Menfur bir davranışta bulunmasını engelleyen tek şey inanç sistemi olan insandan korkarım. - Bütün bildiklerimiz şunu gösteriyor ki bir hayvan ne kadar az sayıda yavru dünyaya getirirse onlara o kadar iyi bakar.
- İnsanlar sadece inanmak istedikleri için inanırlar. Bu bütün dinler için geçerlidir. İnanç, belli insanlara, hikayelere, ritüllere ve değerlere duyulan bağlılıktan çıkar. Emniyet, otorite ve ait olma arzusu gibi duygusal ihtiyaçları karşılar.
- Bilimin yaptığı en iyi şey, fikirler arasında rekabeti ateşlemektir. Bilim bir nevi doğal seçilimi teşvik eder ve bunun sonucunda sadece en geçerli fikirler ayakta kalır ve ürer.
- Darwin'in de zamanında dikkat çektiği gibi, sadece insana has yegâne ifade yüz kızarmasıdır.
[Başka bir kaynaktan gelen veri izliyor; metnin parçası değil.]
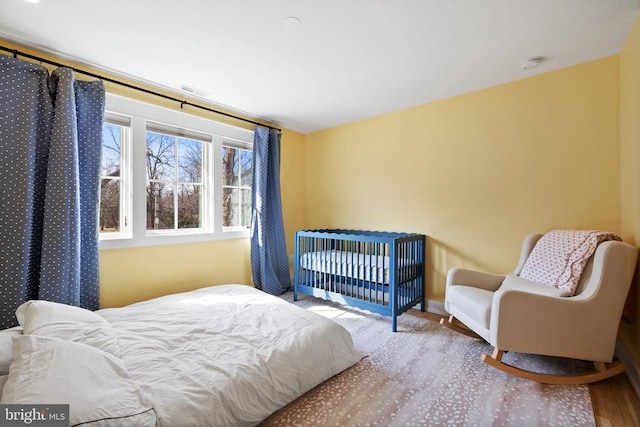 bedroom featuring wood finished floors and baseboards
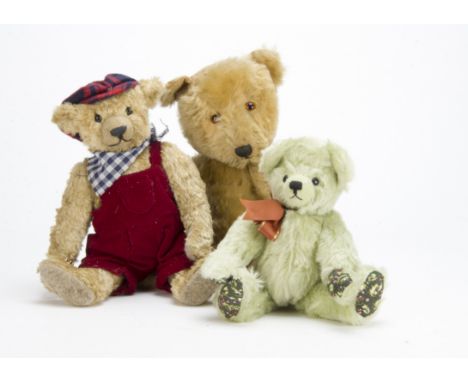 A post-war Chiltern Hugmee teddy bear, with blonde mohair, orange and black glass eyes, swivel head and jointed limbs with ve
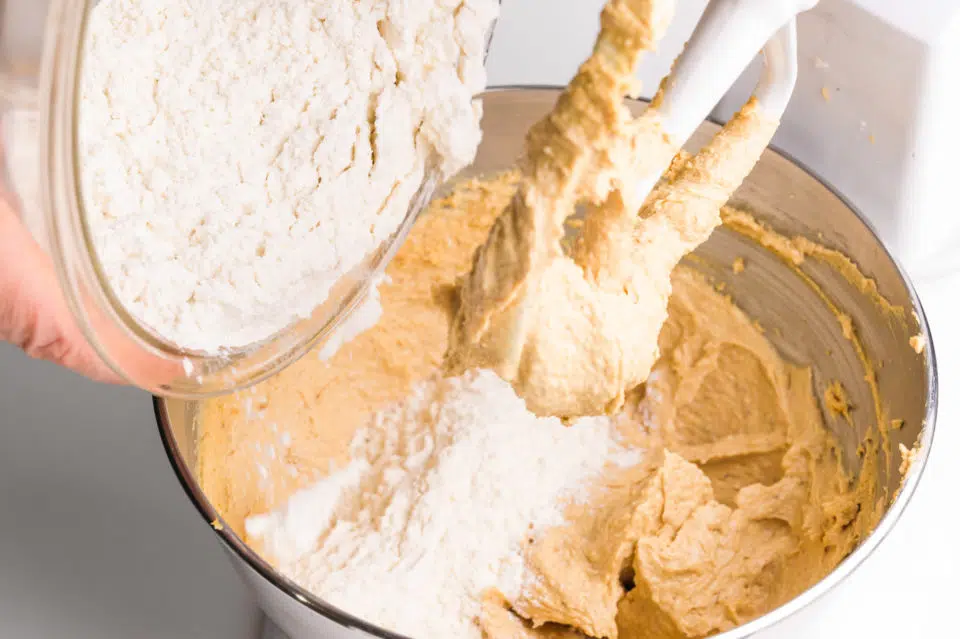 Flour is being poured into a mixing bowl with a whipped peanut butter mixture.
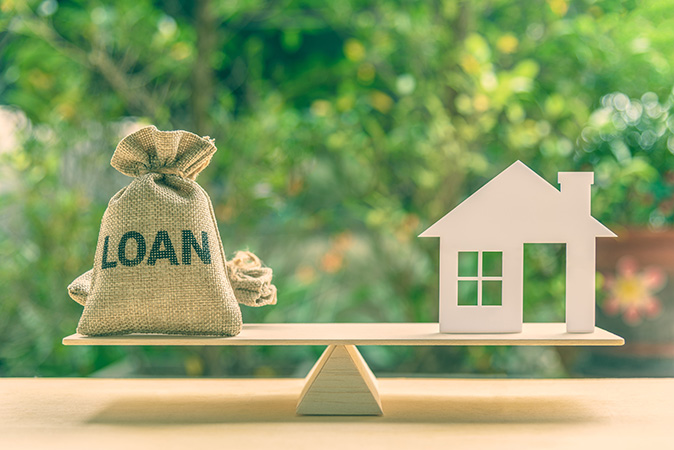 A loan bag balances perfectly with a house model on a basic balance scale.
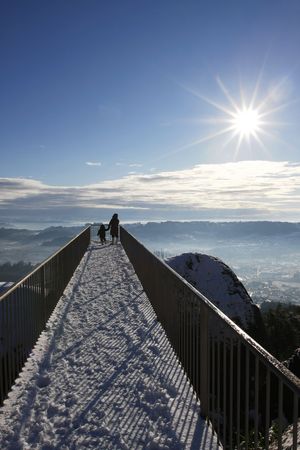 Mother and son on balcony looking at beatiful landscapeの写真素材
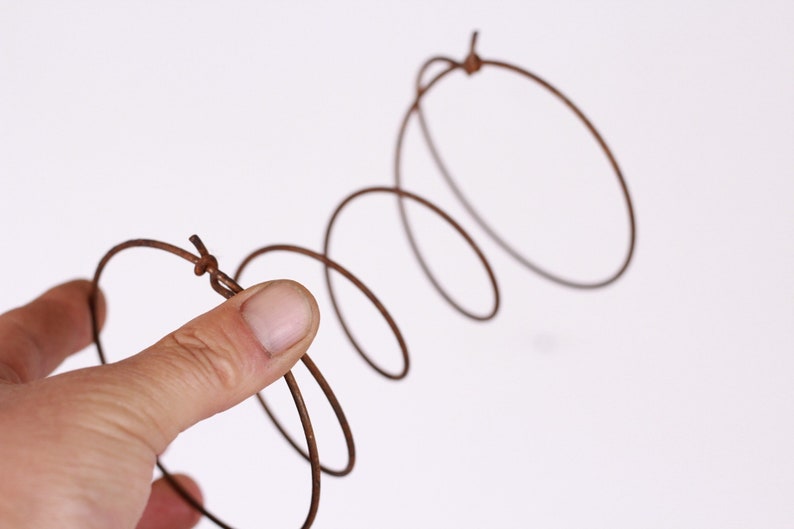 May include: A brown metal spring held by a hand against a white background. The spring is coiled and has a series of circular loops. The metal appears to be aged or weathered, giving it a rustic appearance.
Diğer primatlarda böyle ani bir kızarmaya hiç rastlamadım. İnsanların elinden gelen tek şeyin başkalarını sömürmek olduğunu düşünenler için yüz kızarması herhalde çok şaşırdıkları bir evrim muammasıdır.
- Şempanzeleri ya da bonoboları izlemenin bize neyin doğru neyin yanlış olduğunu gösterebileceğine inanamıyorum, bence bilim de yapamaz bunu, ama doğayı tanımamız, nasıl ve neden birbirimize ilgi göstermeye ve ahlaki neticeler aramaya başladığımızı anlamamıza yardımcı olur. Hayatta kalmamız, başkalarıyla iyi ilişkiler içinde olmamıza, işbirliği yapan bir topluma bağlı olduğu için geliştirmişiz bu özellikleri.
- "Maymunu ormandan çıkarabilirsiniz, ama ormanı maymunun içinden çıkaramazsınız"
- Hem iyilik hem zalimlik, hem asalet hem bayağılık bir arada olabilir - bazen aynı insanda.
- Atalarımızın henüz din sahibi olmadıkları zamanlarda sosyal kurallarının olmadığına gerçekten inanan var mı? Yardıma ihtiyacı olan birine yardım etmez, haksızlıkla karşılaşınca şikayet etmezler miydi? İnsanlar, topu topu bir iki bin yıl önce çıkan mevcut dinlerden çok önce, toplumlarının nasıl işlediğine kafa yormuş olmalı. Biyologlar bu kadar kısa süreleri hiç ciddiye almaz.
- Belki sadece ben böyle düşünüyorumdur ama menfur bir davranışta bulunmasını engelleyen tek şey inanç sistemi olan insandan korkarım. Yaşanabilir bir toplum için gerekli özdenetim de dahil, bütün insanlığımızın yapımızda olduğunu neden düşünmeyelim? Atalarımızın henüz din sahibi olmadıkları zamanlarda sosyal normlarının olmadığına hakikaten inanan var mı? Yardıma ihtiyacı olan birine yardım etmez, haksızlıkla karşılaşınca şikayet etmezler miydi?